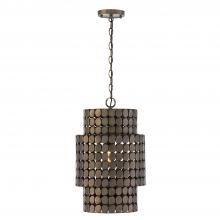  354111DR - 1-Light Medallion Cylindrical Pendant in Dark Brass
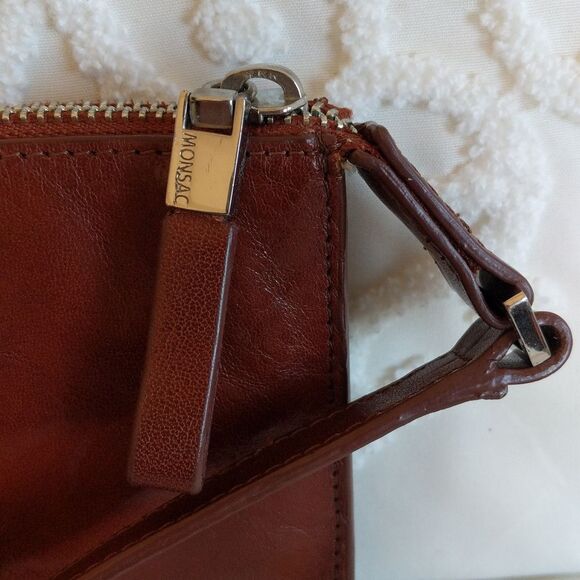 Monsac Super Smooth Glossy Italian Leather Shoulder/Clutch - Picture 4 of 14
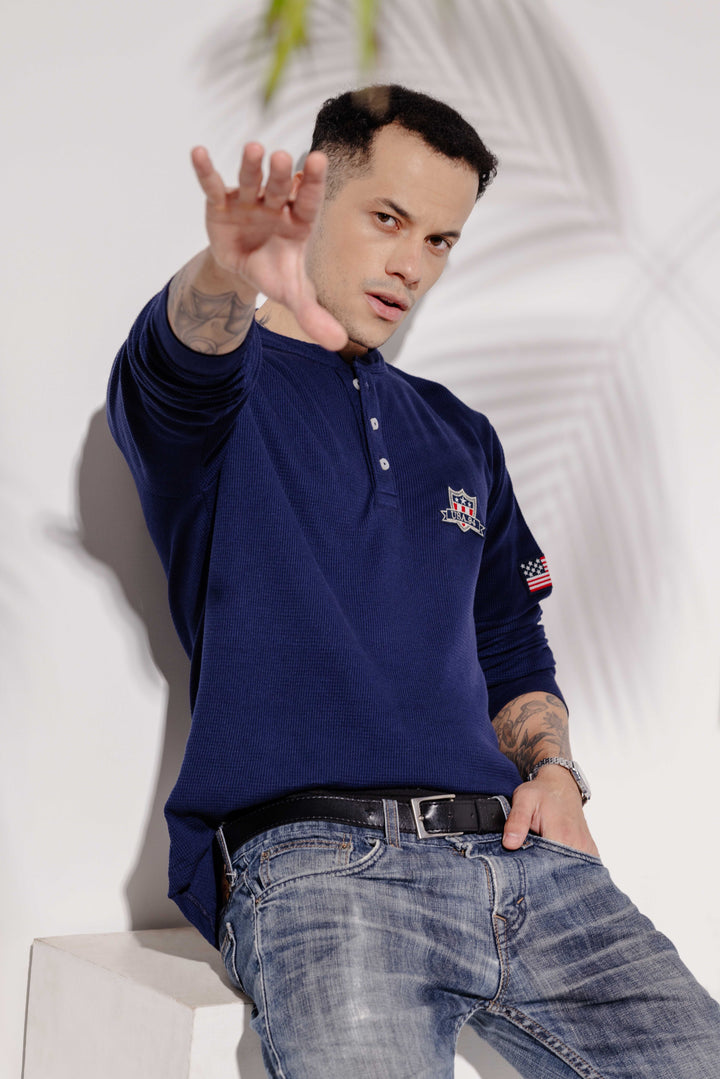 Navy Self Design Waffle Henley T-Shirt
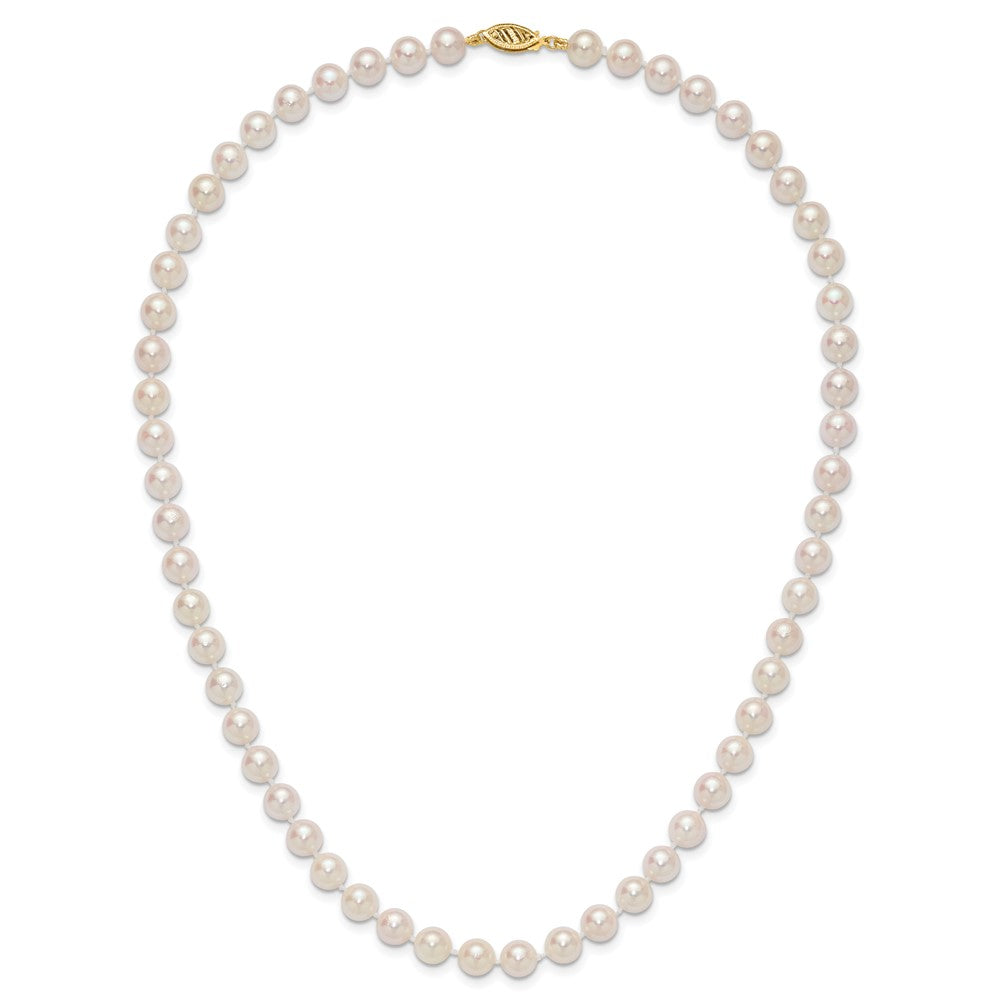 14K Yellow Gold 7 8mm White Round Akoya Saltwater Cultured Pearl 18 Inch Necklace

* _YOUR TASK_: Reproduce the lines of the listing exactly, starting at the one that contains "Monsac Super Smooth Glossy" and continuing through the final line, but leave out the pictures.

* _OUTPUT FOR THIS TASK_:
 Monsac Super Smooth Glossy Italian Leather Shoulder/Clutch - Picture 4 of 14
 Navy Self Design Waffle Henley T-Shirt
 14K Yellow Gold 7 8mm White Round Akoya Saltwater Cultured Pearl 18 Inch Necklace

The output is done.